**Work instructions:** Nothing but the pictures should be dropped when the records are transcribed word for word.

[Brief descriptive captions]
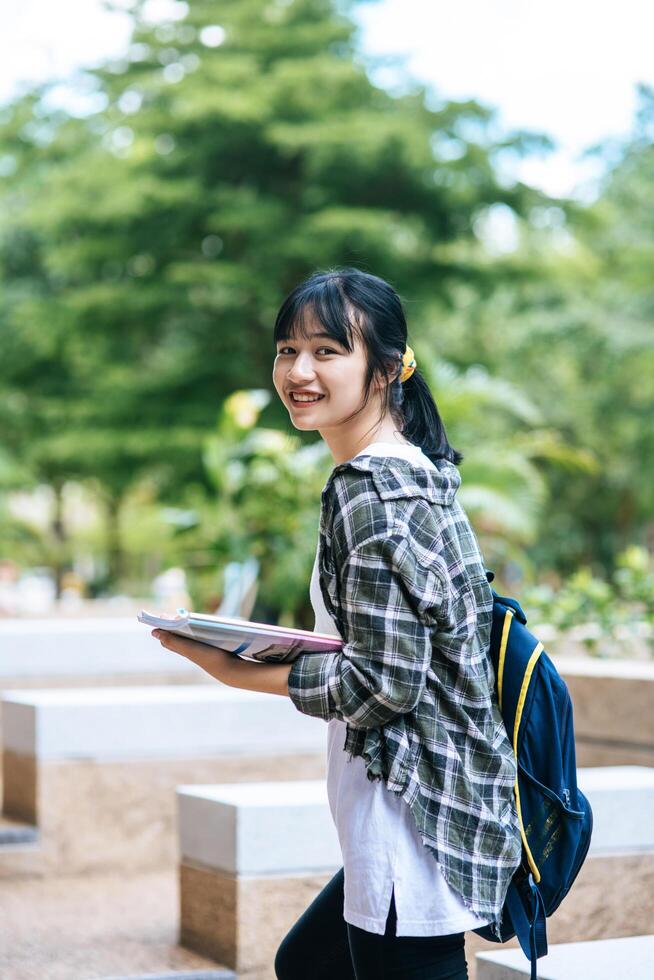 Female students stand on the stairs and hold books. photo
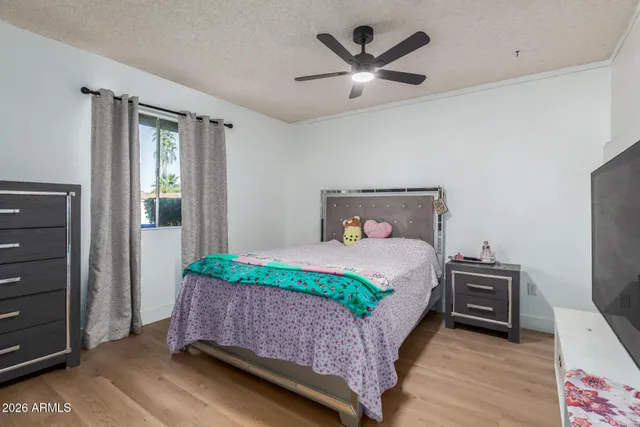 a bedroom with a bed and a large mirror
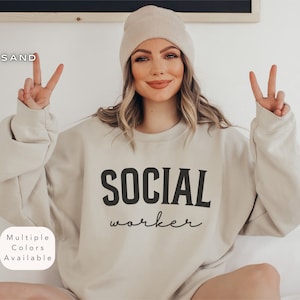 Puede incluir: Una sudadera beige con el texto "SOCIAL worker" impreso en la parte delantera. La sudadera la lleva puesta una persona con una boina beige.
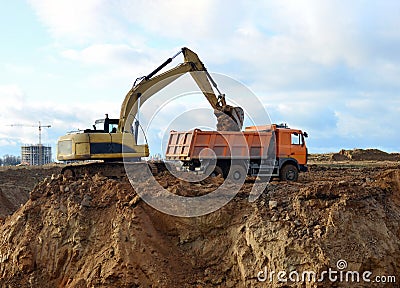 Excavator load the sand to the heavy dump truck on construction site. Excavators and dozers digs the ground for the foundation Stock Photo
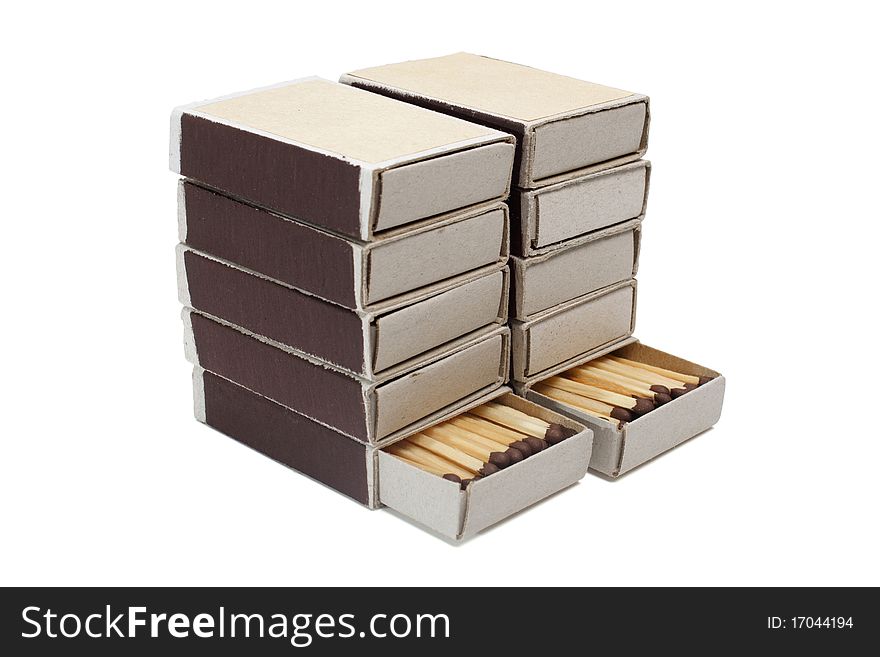 Pile of cardboard matchboxes with matches on a white background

**Written reply:**
 Female students stand on the stairs and hold books. photo
 a bedroom with a bed and a large mirror
 Puede incluir: Una sudadera beige con el texto "SOCIAL worker" impreso en la parte delantera. La sudadera la lleva puesta una persona con una boina beige.
 Excavator load the sand to the heavy dump truck on construction site. Excavators and dozers digs the ground for the foundation Stock Photo
 Pile of cardboard matchboxes with matches on a white background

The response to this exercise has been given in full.